EXERCISE: When you reach a picture, pass over it; otherwise repeat the listing word for word.

........

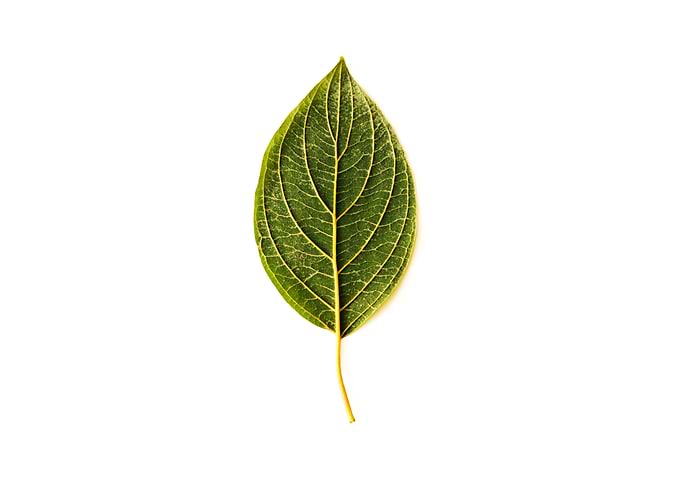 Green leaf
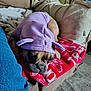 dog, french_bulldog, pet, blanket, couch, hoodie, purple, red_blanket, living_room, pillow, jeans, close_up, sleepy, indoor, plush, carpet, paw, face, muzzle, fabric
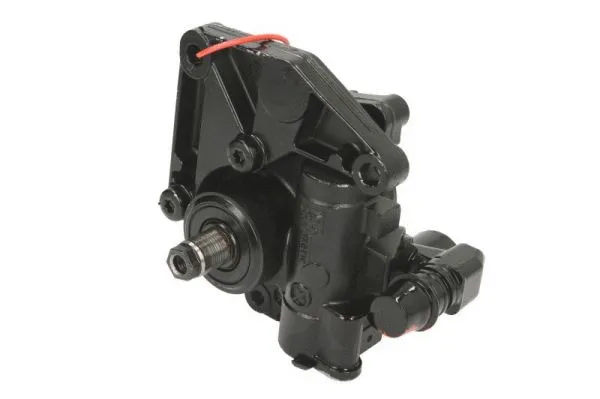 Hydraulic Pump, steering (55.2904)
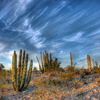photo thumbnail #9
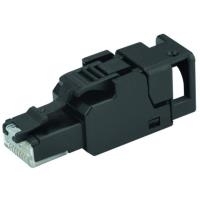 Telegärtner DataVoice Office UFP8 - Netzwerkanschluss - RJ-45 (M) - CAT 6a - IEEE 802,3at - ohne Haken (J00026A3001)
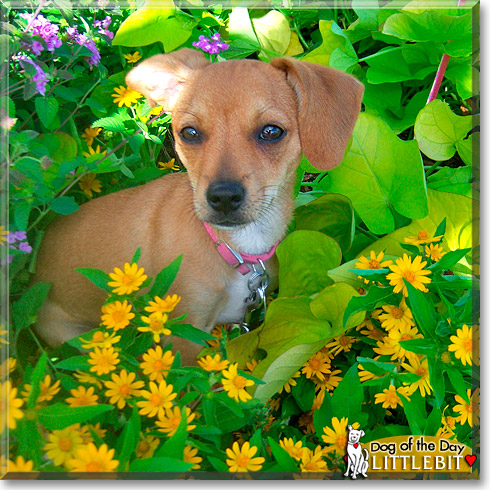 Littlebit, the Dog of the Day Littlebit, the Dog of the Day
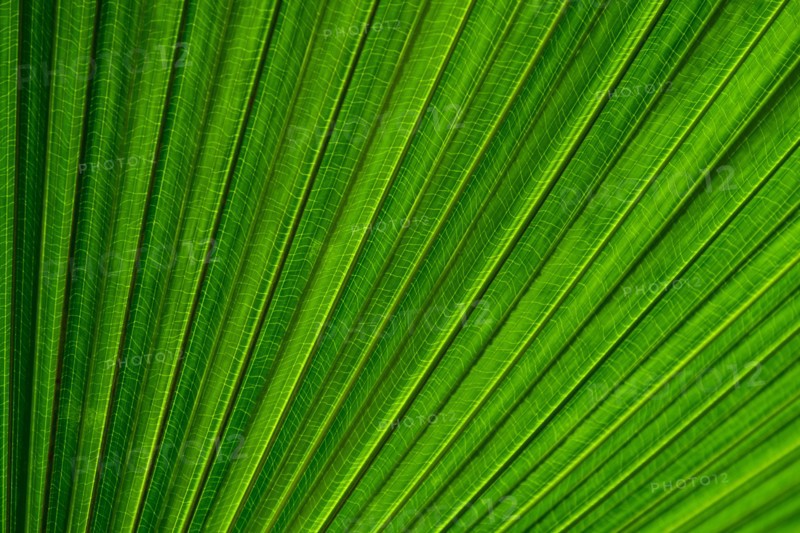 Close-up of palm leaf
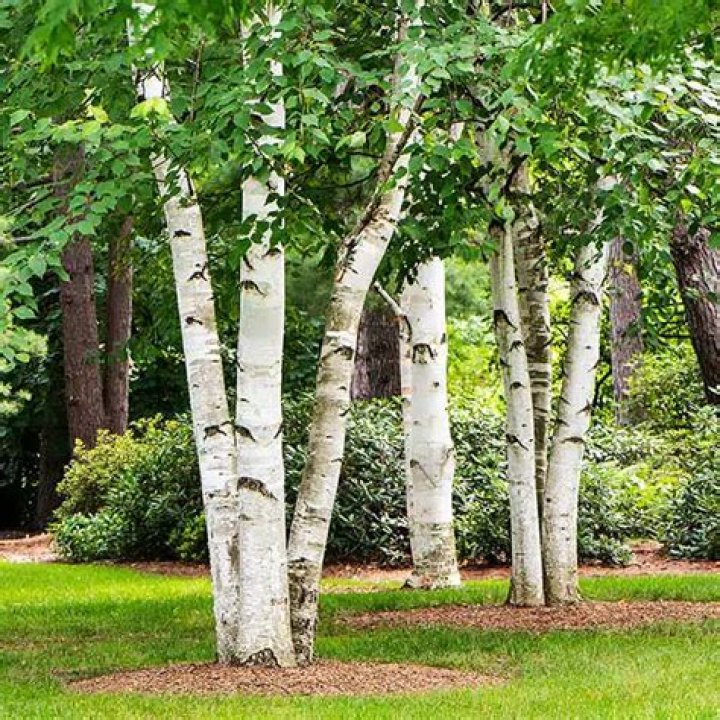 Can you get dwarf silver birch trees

........

RESULT BELOW:
 Green leaf
 dog, french_bulldog, pet, blanket, couch, hoodie, purple, red_blanket, living_room, pillow, jeans, close_up, sleepy, indoor, plush, carpet, paw, face, muzzle, fabric
 Hydraulic Pump, steering (55.2904)
photo thumbnail #9
 Telegärtner DataVoice Office UFP8 - Netzwerkanschluss - RJ-45 (M) - CAT 6a - IEEE 802,3at - ohne Haken (J00026A3001)
 Littlebit, the Dog of the Day Littlebit, the Dog of the Day
 Close-up of palm leaf
 Can you get dwarf silver birch trees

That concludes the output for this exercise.